ANDREI: That’s what I heard. Of course I thought it was a trick. To us, the KGB were pigs. It was rumoured they had death camps for dissidents, deserters and evaders. The Movement was riddled with KGB cointelpro spies who would encourage protestors to acts of defiance then turn them in for harsh punishment. But Andropov knew a dead horse when he saw one and engineered the overthrow of Brezhnev in ’73. His great slogan was “anti-corruption” and there certainly was a change in the Soviet character in the mid-’70s. I returned to Moscow, and, though interviewed extensively, was not arrested or assassinated. At this time, I was a Scientologist. Many fans who came to my first concert in post-Brezhnev Moscow were disappointed that I made the artistic decision not to sing any songs but chose to play an acoustic accompaniment to texts from L. Ron Hubbard. I was sincere in my beliefs, just as I was sincere when I converted to Judaism, Catholicism, Sufism, EST and the Brethren of Joseph. Searching for truth has always been a part of the Russian soul.
LYNNE: How had things changed in Moscow?
ANDREI: I wasn’t so young any more. Fashion had passed me by a little. There was a burst of reactionary music. You remember the kulak rock of 1977, all the spitting and slamdancing and such. The Sex Vostoks, Little Vera, that shower. The youth of the day despised the message of peace my generation wished them to receive. They pierced their noses and cheeks with sharpened vodka bottle caps and wore surplus Red Army uniforms with radiation burns and bullet holes. My records were still popular with those of my old fans who hadn’t been killed. It was a relief, actually, not to have to pander to teenagers. I was able to follow artistic impulses, to plough my own furrow.
LYNNE: Those were the years of your Nostalgia album and tour. Many viewers will remember the spectacular circus which accompanied that remarkable achievement.
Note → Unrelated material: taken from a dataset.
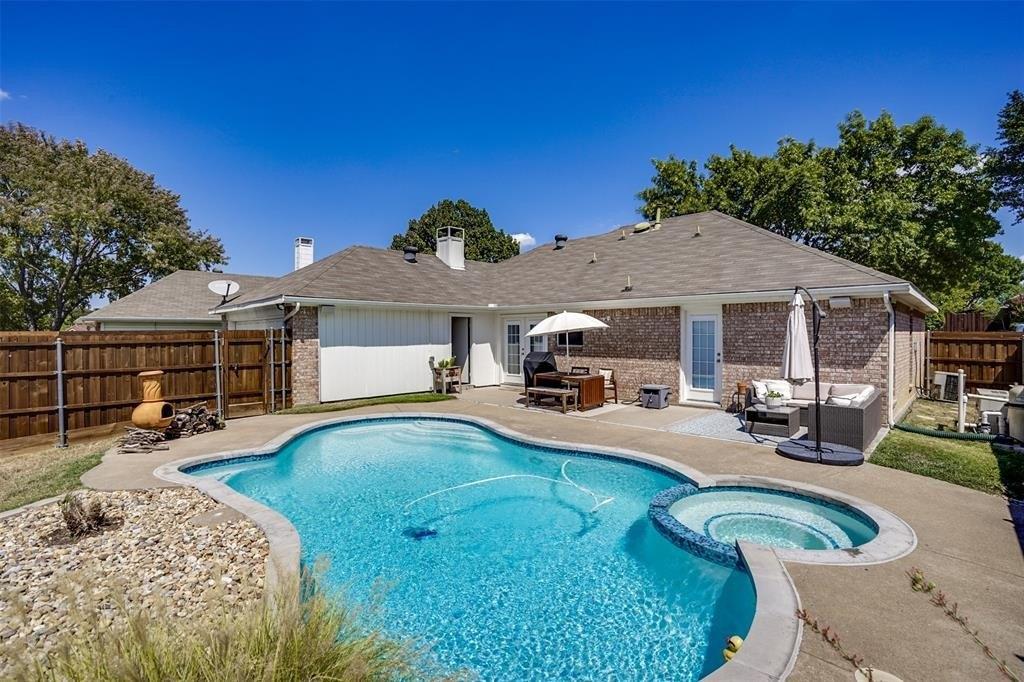 Heather Glen Dr, Lewisville, TX 75067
ANDREI: I was looking for a way of expanding my vision into a totality of art, to reach beyond the confines of popular music. I felt my vision demanded the twelve elephants, the banana-shaped dirigible, the cannons, the dead clowns, the hologram mushroom clouds, the mass tractor pull and the dance of the duelling chainsaws. In America, I’m still best known for the songs from Nostalgia. I believe that “Looking Back to the Future Unborn” was recently sampled in a television commercial for a psychiatric health drive.
LYNNE: Indeed, then it re-entered the charts.
ANDREI: It’s a good cause, and I’m proud to serve it.
LYNNE: Among your contemporaries, who do you most admire?
ANDREI: Vania Vanianova, of course. The Kulture Kossacks were the only indie band of the early ’80s worth standing in line for.
LYNNE: You were married to her?
ANDREI: Briefly. Between Sufism and vodka rehab. After the vasectomy but before the cancer ward.
LYNNE: What do you really think of Petya Jerkussoff?
ANDREI: I suppose he can’t hurt anyone. We had a sort of detente. All that Glum and Glit business seems antique these days. He was supposed to appear on the Offret album but had one of his nervous breakdowns the day before the recording.
LYNNE: And Boris Yeltsin?
ANDREI: He does about as good a job as anybody does. There might not be much left of the Soviet Union but we are fairly prosperous, reasonably democratic and culturally in acceptable shape. He hasn’t had to call out the tanks and shell his opponents, unlike your President North, has he? But I’m disappointed by the Soviets of the ’90s. When I think of the good people who died, the struggles and sacrifices, I’m saddened to see that we have such a trivial, money-obsessed society. Our heroes are not poets and painters but computer programmers and contraceptive entrepreneurs. Moscow is a plague of Nostalgia Boutiques pushing expensive recreations of our fashions from the 70s. I wish I had copyrighted the usage of the word. The blouses are even baggier, the kaftans more tie-dyed, but it’s not the same. These clothes are clean, for a start. We Russians have turned our backs on melancholy and brainwashed ourselves into happiness. Happiness is not good for us. We should lead the world; instead we manufacture more and more useless luxuries. Things must change.
LYNNE: Andrei, thank you.
ANDREI: Thank you, Lynne.
LYNNE: No, thank you…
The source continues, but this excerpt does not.